Total angular momentum from Dirac eigenspinors

TL;DR

This paper develops a gauge-invariant method to define angular momentum at null infinity using Dirac eigenspinors, connecting quantum spinor methods with gravitational angular momentum in general relativity.

Contribution

It introduces a novel approach to defining angular momentum at null infinity via eigenspinors of Dirac operators, linking quantum spinor techniques with gravitational physics.

Findings

Constructed divergence-free vector fields from eigenspinors that reproduce rotation symmetries.

Provided a gauge-invariant definition of spatial angular momentum at null infinity.
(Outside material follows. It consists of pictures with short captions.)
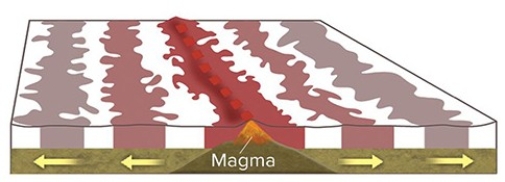 What causes magnetic stripes on the seafloor,such as those shown here?   A) Volcanic rocks in oceanic crust are covered by a variable thickness of sediment. B) Some oceanic crust consists of volcanic rocks and some is composed of sediment. C) Sometimes Earth's magnetic field points north and sometimes it points south. D) Some volcanic rocks are formed in normal ways and others have pillows.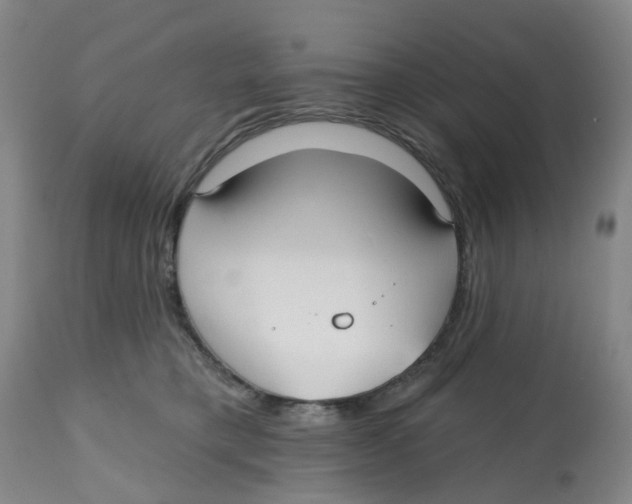 X0000112540421200909141317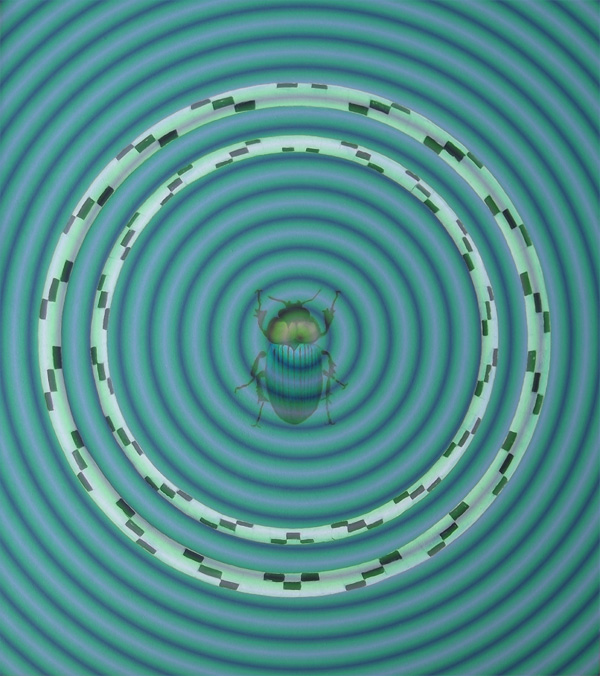 Mistkäfer 2 - Skarabaeus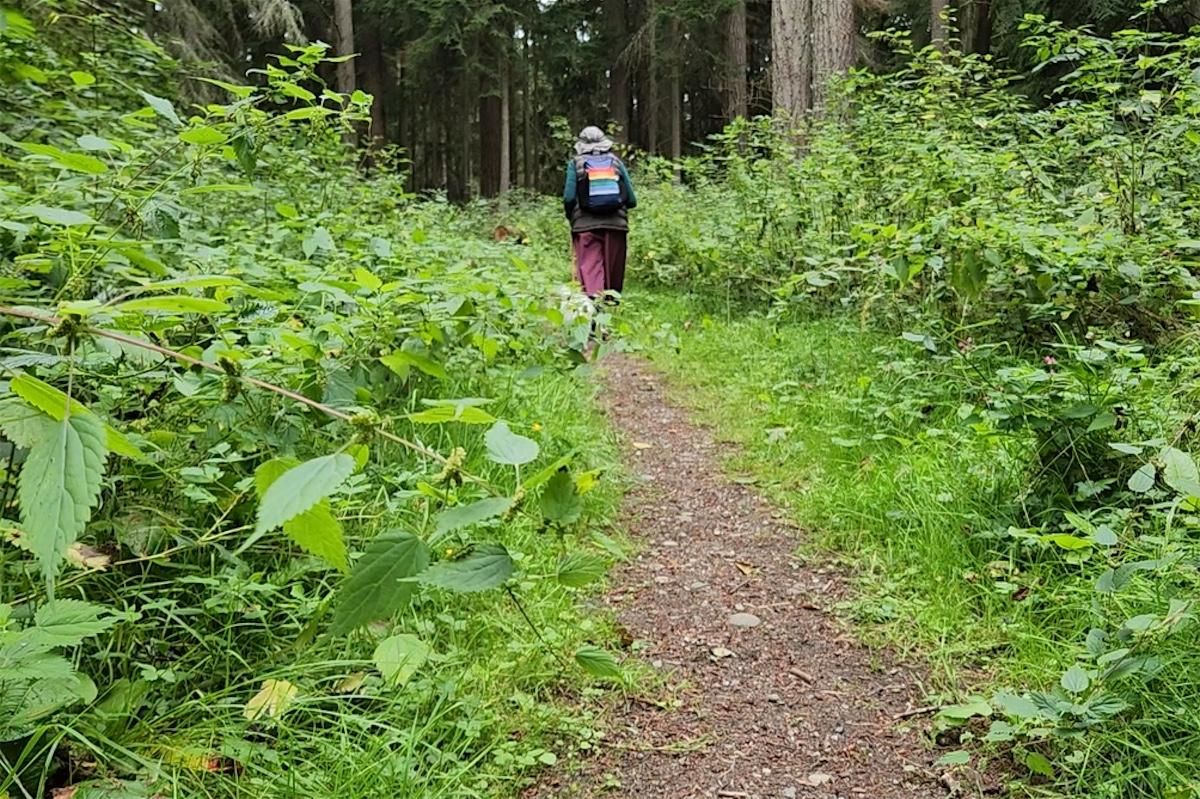 photo shows hiker in a forest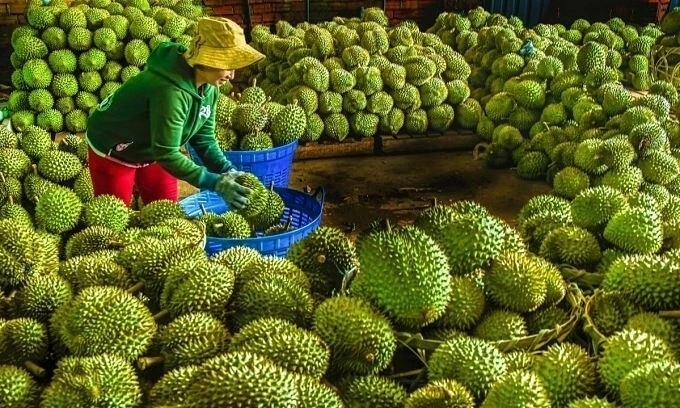 Fruit, vegetable exports reach record high at $1.3B in September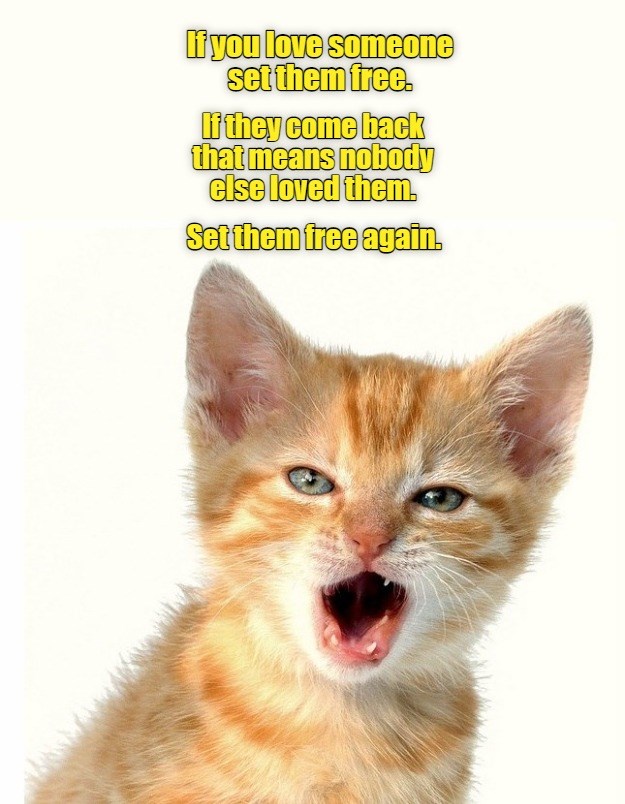 And Don't Let The Door Hit You On The Way Out - Lolcats - lol | cat ...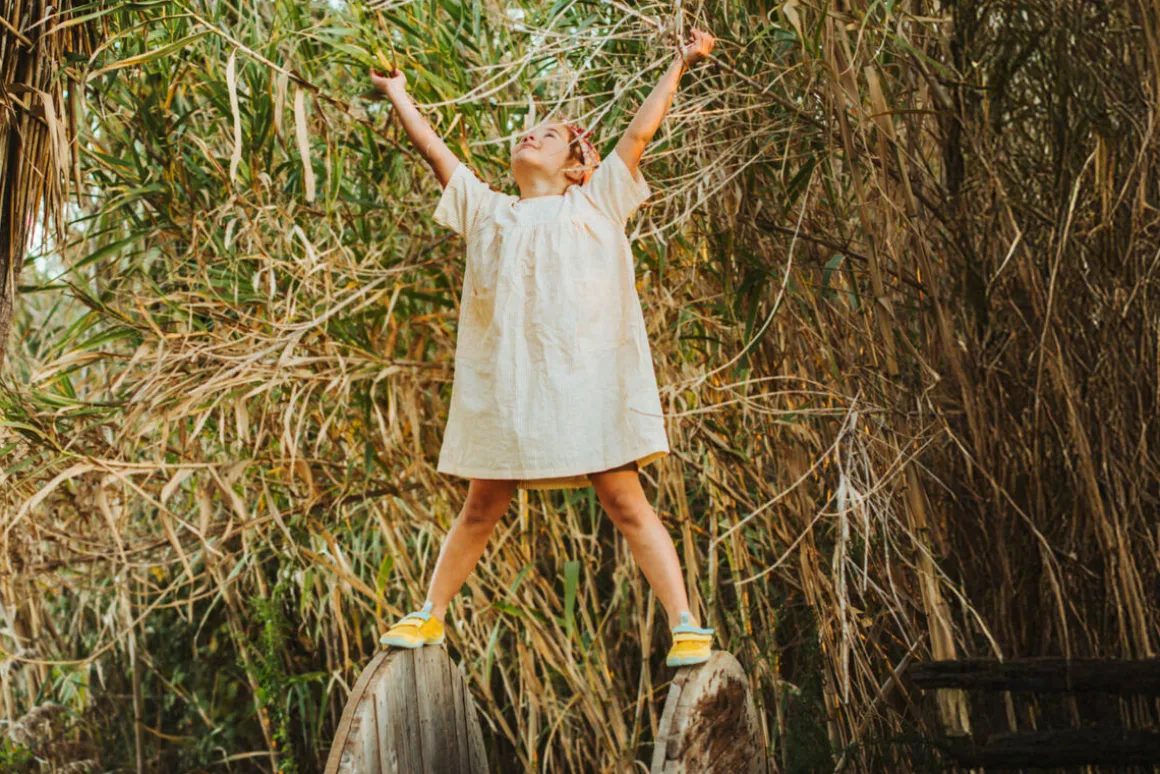 Cotinga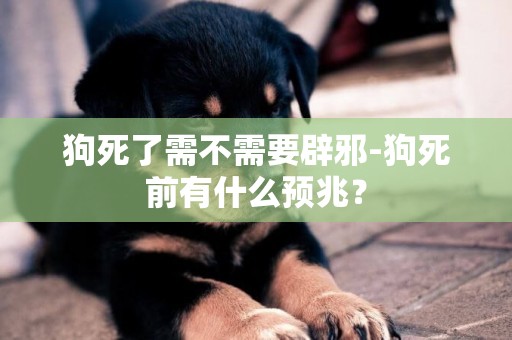 狗死了需不需要辟邪-狗死前有什么預兆？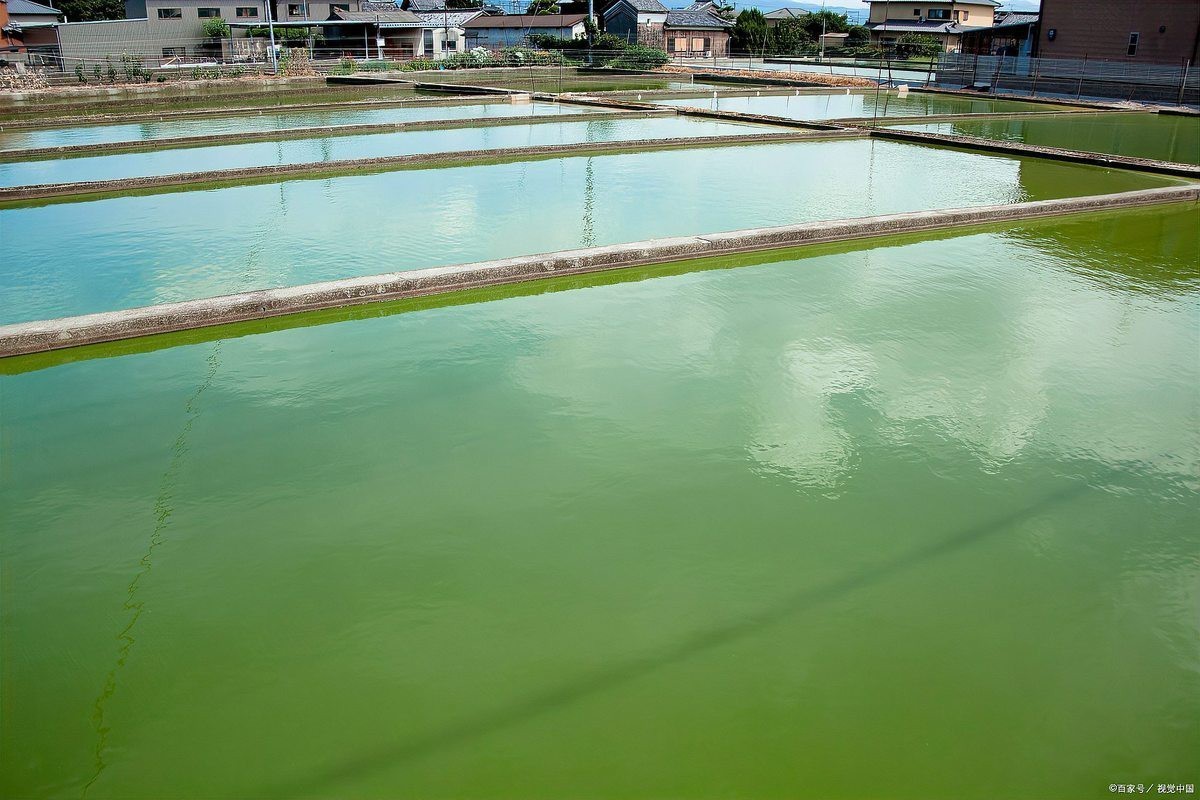 水深2米一畝可養(yǎng)多少魚 水深2米一畝可養(yǎng)多少魚 龍魚論壇 第7張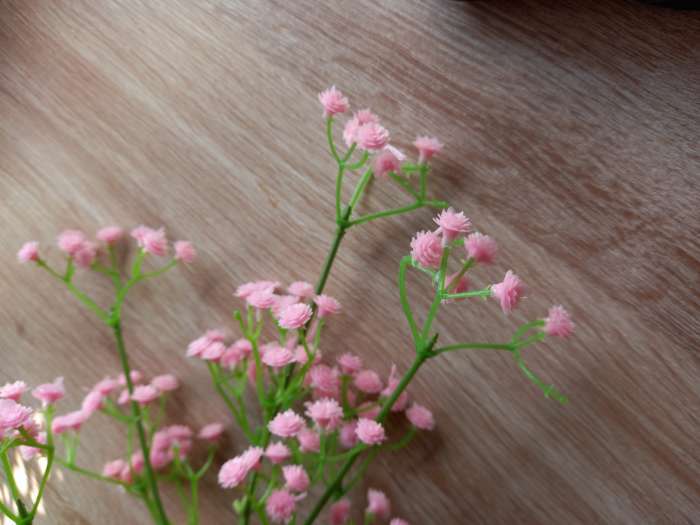 Фотография покупателя товара Цветы искусственные "Ветка гипсофилы" 1х53 см, розовый - Фото 1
Derived a formula for angular momentum flux due to gravitational radiation.

Abstract

The eigenvalue problem for Dirac operators, constructed from two connections on the spinor bundle over closed spacelike 2-surfaces, is investigated. A class of divergence free vector fields, built from the eigenspinors, are found, which, for the lowest eigenvalue, reproduce the rotation Killing vectors of metric spheres, and provide rotation BMS vector fields at future null infinity. This makes it possible to introduce a well defined, gauge invariant spatial angular momentum at null infinity, which reduces to the standard expression in stationary spacetimes. The general formula for the angular momentum flux carried away be the gravitational radiation is also derived.